Both Jason and the woman who divorced her alcoholic husband are right, you never know what is truly going on within a marriage, and in cases of abuse and addiction, divorce is the only option in the first case, and can often be necessary in the second (though strangely enough, the New Testament makes no mention of either as a legitimate reason for divorce), and the church should respect that.

 My question is though, if the church can be so hostile towards people who are living with a partner, or people who have been married by a female minister, of all things, why do they not apply the same level of hostility towards divorce and remarriage? Is it because there are so many divorced/re married people within the church, and they don’t want to lose a major group within the church?

If you are going to go all New Testament on us, at least be consistent about it…..


  1. It is certainly interesting to see which bits they wind up holding tight to and which other bits they decide they can let slide. I would tend to agree with you conjecture

    "Is it because there are so many divorced/re married people within the church, and they don’t want to lose a major group within the church?"

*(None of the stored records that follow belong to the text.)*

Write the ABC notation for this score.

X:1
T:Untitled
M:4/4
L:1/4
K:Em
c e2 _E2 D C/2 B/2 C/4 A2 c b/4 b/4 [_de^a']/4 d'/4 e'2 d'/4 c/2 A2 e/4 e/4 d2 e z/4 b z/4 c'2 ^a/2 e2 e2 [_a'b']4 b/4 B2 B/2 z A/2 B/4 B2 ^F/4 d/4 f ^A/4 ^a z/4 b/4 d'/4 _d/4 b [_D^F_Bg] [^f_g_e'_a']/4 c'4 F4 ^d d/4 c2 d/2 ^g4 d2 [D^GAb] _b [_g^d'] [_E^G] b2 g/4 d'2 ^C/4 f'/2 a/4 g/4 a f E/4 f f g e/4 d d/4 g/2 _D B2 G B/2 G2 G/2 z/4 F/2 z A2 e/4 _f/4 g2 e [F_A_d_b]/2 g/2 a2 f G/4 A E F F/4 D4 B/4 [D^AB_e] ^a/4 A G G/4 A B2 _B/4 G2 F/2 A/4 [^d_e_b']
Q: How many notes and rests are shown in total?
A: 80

    At some point practicality would have to win. Of course, I also would bet they didn't think it through quite in this way. I bet there is some underlying thinking pushing things in this direction, but our brains are complicated, I wouldn't be surprised if this seemingly calculated move was apparently arrived at by purely biblical motivations in the minds of the church leaders.

    As far as being consistent, I would argue that is impossible, given that there are so many contradictory commands.

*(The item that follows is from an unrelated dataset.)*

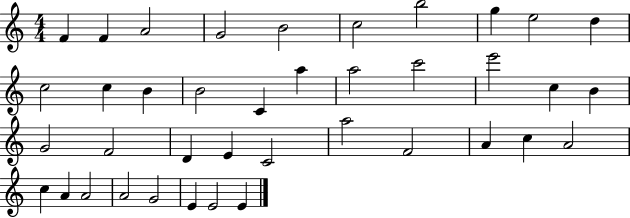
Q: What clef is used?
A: treble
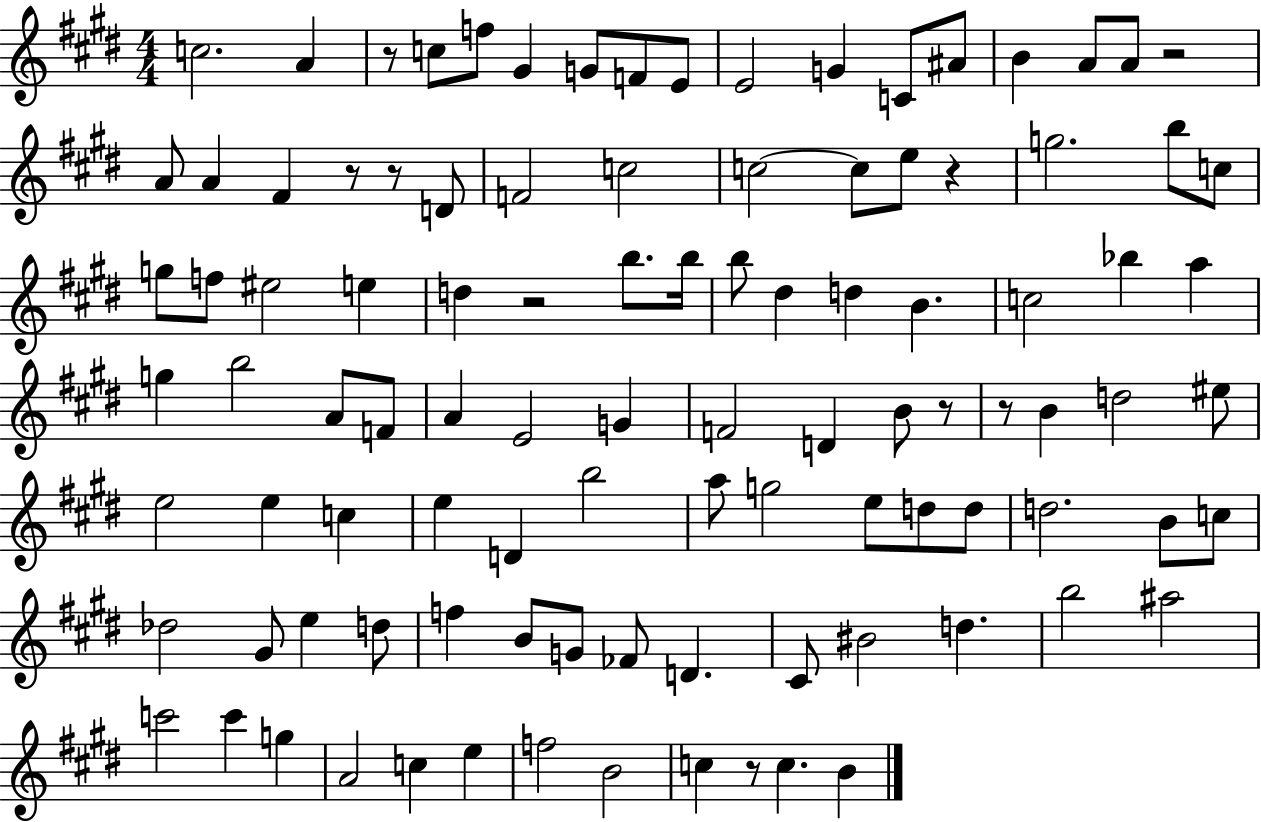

    1. The Bible is rather contradictory in many aspects, but if you take the view that the New Testament invalidates the Old, then judging by Jesus' words and Paul's quoted above, it's pretty clear.

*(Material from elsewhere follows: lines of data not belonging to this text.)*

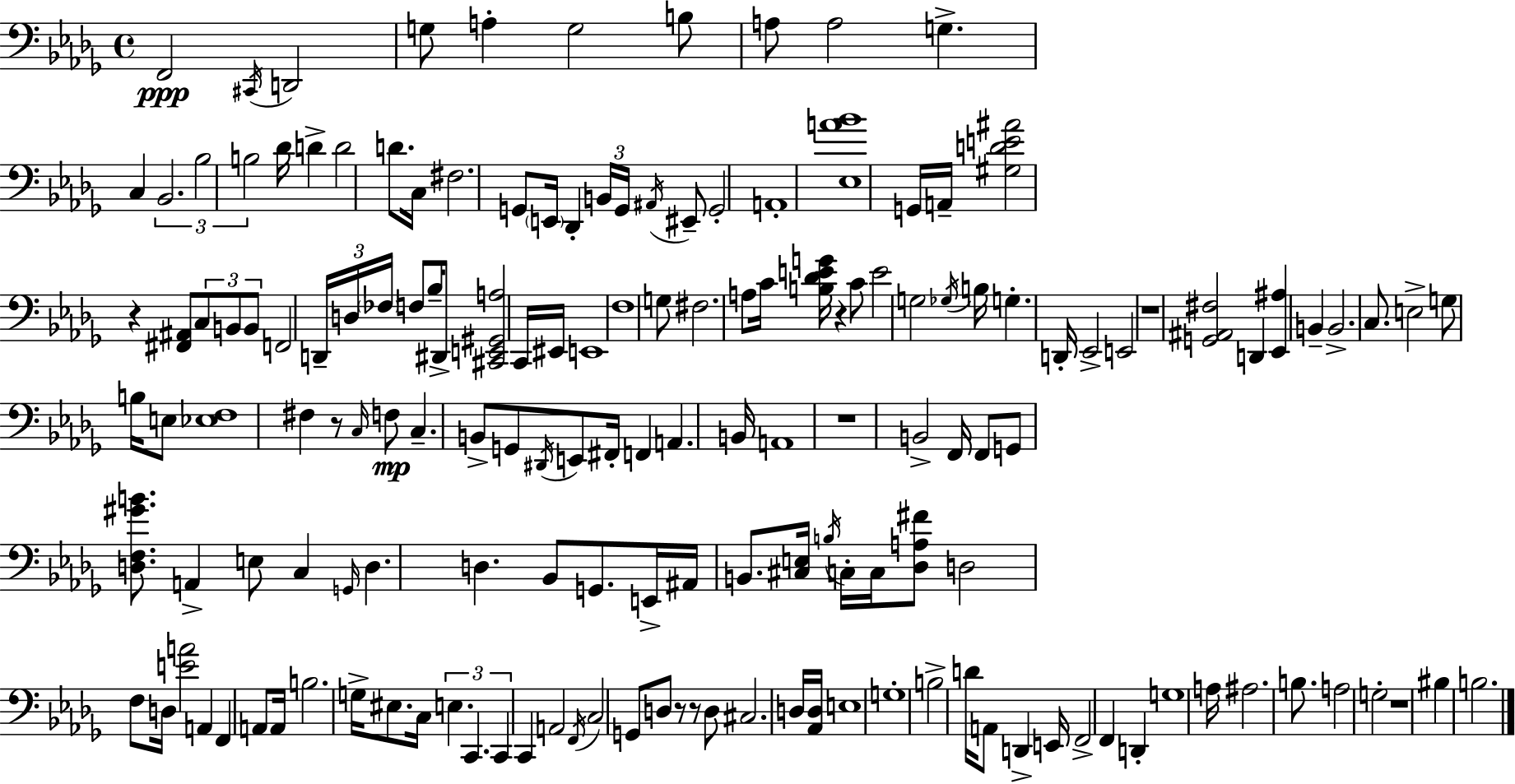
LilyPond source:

{
  \clef bass
  \time 4/4
  \defaultTimeSignature
  \key bes \minor
  f,2\ppp \acciaccatura { cis,16 } d,2 | g8 a4-. g2 b8 | a8 a2 g4.-> | c4 \tuplet 3/2 { bes,2. | \break bes2 b2 } | des'16 d'4-> d'2 d'8. | c16 fis2. g,8 | \parenthesize e,16 des,4-. \tuplet 3/2 { b,16 g,16 \acciaccatura { ais,16 } } eis,8-- g,2-. | \break a,1-. | <ees a' bes'>1 | g,16 a,16-- <gis d' e' ais'>2 r4 | <fis, ais,>8 \tuplet 3/2 { c8 b,8 b,8 } f,2 | \break \tuplet 3/2 { d,16-- d16 \parenthesize fes16 } f8 bes16-- dis,8-> <cis, e, gis, a>2 | c,16 eis,16 e,1 | f1 | g8 fis2. | \break a8 c'16 <b des' e' g'>16 r4 c'8 e'2 | g2 \acciaccatura { ges16 } b16 g4.-. | d,16-. ees,2-> e,2 | r1 | \break <g, ais, fis>2 d,4 <ees, ais>4 | b,4-- b,2.-> | c8. e2-> g8 | b16 e8 <ees f>1 | \break fis4 r8 \grace { c16 }\mp f8 c4.-- | b,8-> g,8 \acciaccatura { dis,16 } e,8 fis,16-. f,4 a,4. | b,16 a,1 | r1 | \break b,2-> f,16 f,8 | g,8 <d f gis' b'>8. a,4-> e8 c4 \grace { g,16 } | d4. d4. bes,8 g,8. | e,16-> ais,16 b,8. <cis e>16 \acciaccatura { b16 } c16-. c16 <des a fis'>8 d2 | \break f8 d16 <e' a'>2 a,4 | f,4 a,8 a,16 b2. | g16-> eis8. c16 \tuplet 3/2 { e4. | c,4. c,4 } c,4 a,2 | \break \acciaccatura { f,16 } c2 | g,8 d8 r8 r8 d8 cis2. | d16 <aes, d>16 e1 | g1-. | \break b2-> | d'16 a,8 d,4-> e,16 f,2-> | f,4 d,4-. g1 | a16 ais2. | \break b8. a2 | g2-. r1 | bis4 b2. | \bar "|."
}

      I find the inconsistency kind of interesting, because of the fact that they take themselves to be Biblical literalists, and believe that the Bible is inerrant. They often criticize liberal Christians for bowing to the culture, and picking and choosing what they want to follow, and yet, they aren't much different. ;)

  2. Thesists......Consistent...... :)

    I suppose there are always new things to learn about the church/cult you are in that you do not know about until it directly affects you. The stories you highlighted just shows how absurd some branches of Christianity can be.

    On a sidenote, I think when and if you come out to everyone that it will be a major shock for them. That you take such interest in these issues is what many people do not understand about non believers, they seem to think we just are not interested.

    1. :)

      Oh, it will surprise many when I finally come out.

  3. Diversity---One could think of the diversity of Christianity as a good point...?...perhaps in the market place of ideas---the one that is the best fit for that individual will win out? This might mean that different Christianities will have to modify themselves to appeal to whatever segment/group they are targeting---and this may make them improve...?...Perhaps fundamentalist Christianity is the way it is because it may appeal to a particular type of people?....perhaps if you meet new converts you can ask them what appealed to them (as opposed to other types of Christianities)?....
    ...and perhaps this diversity is what makes Christianity adaptable and therefore enduring?.......(or maybe it is simply the stubbornness of humanity that makes religions so enduring?!!....)

    Consistency---I don't think NT consistency has ever been an important aspect of Christianity since the beginning---which is why the Gospels have different accounts of almost everything!

    Inerrant---The Catholic Church consideres the Popes as infallible---but when making up this dogma they ran into a problem by the name of Pope Honorius I (625-638 CE)---This Pope had tried to reconcile Western and Eastern Church Christologies by coming up with a compromise solution---However, after he died he was denounced (excommunicated?) by the Catholic Church---and this history ran counter to the arguments about Papal infallibility---but the Church tried to get around it and apparently the dogma stands.


    1. Adaptability, that's something I hadn't thought of before, adapting to survive when cultures change.